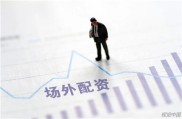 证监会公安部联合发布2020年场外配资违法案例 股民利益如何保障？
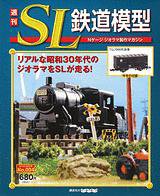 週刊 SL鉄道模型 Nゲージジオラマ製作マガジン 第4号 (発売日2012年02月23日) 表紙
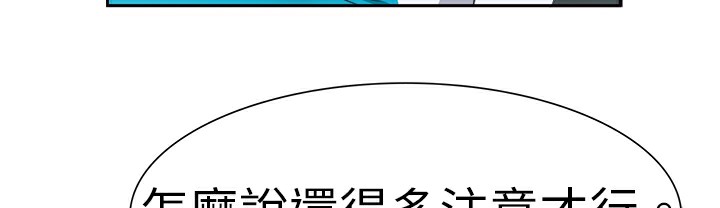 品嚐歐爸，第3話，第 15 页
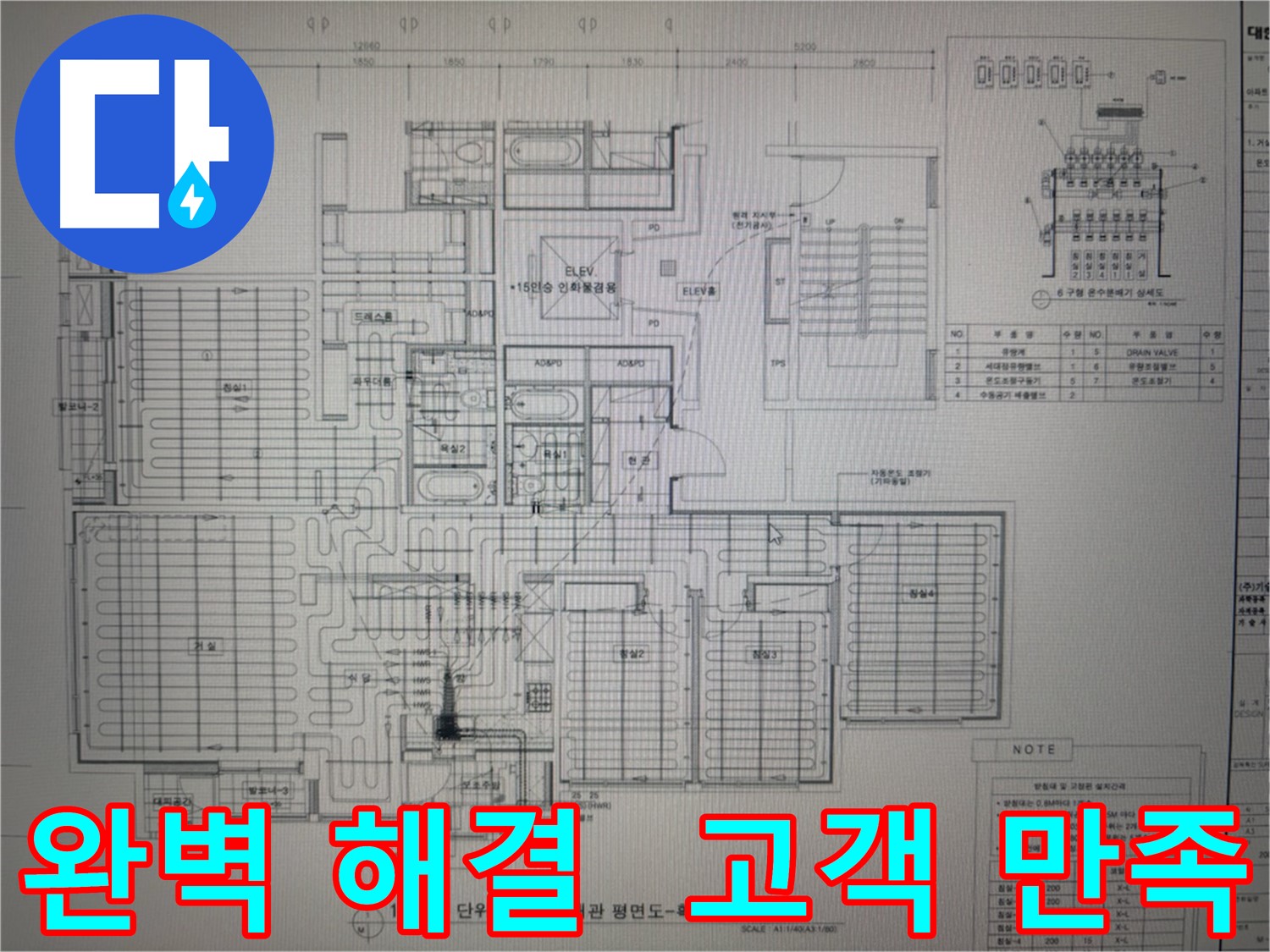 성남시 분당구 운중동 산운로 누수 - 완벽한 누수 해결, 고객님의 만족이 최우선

+---+

→ Problem description: Leave out the pictures and return the listing exactly.

→ Solution to this task:
 证监会公安部联合发布2020年场外配资违法案例 股民利益如何保障？
 週刊 SL鉄道模型 Nゲージジオラマ製作マガジン 第4号 (発売日2012年02月23日) 表紙
 品嚐歐爸，第3話，第 15 页
 성남시 분당구 운중동 산운로 누수 - 완벽한 누수 해결, 고객님의 만족이 최우선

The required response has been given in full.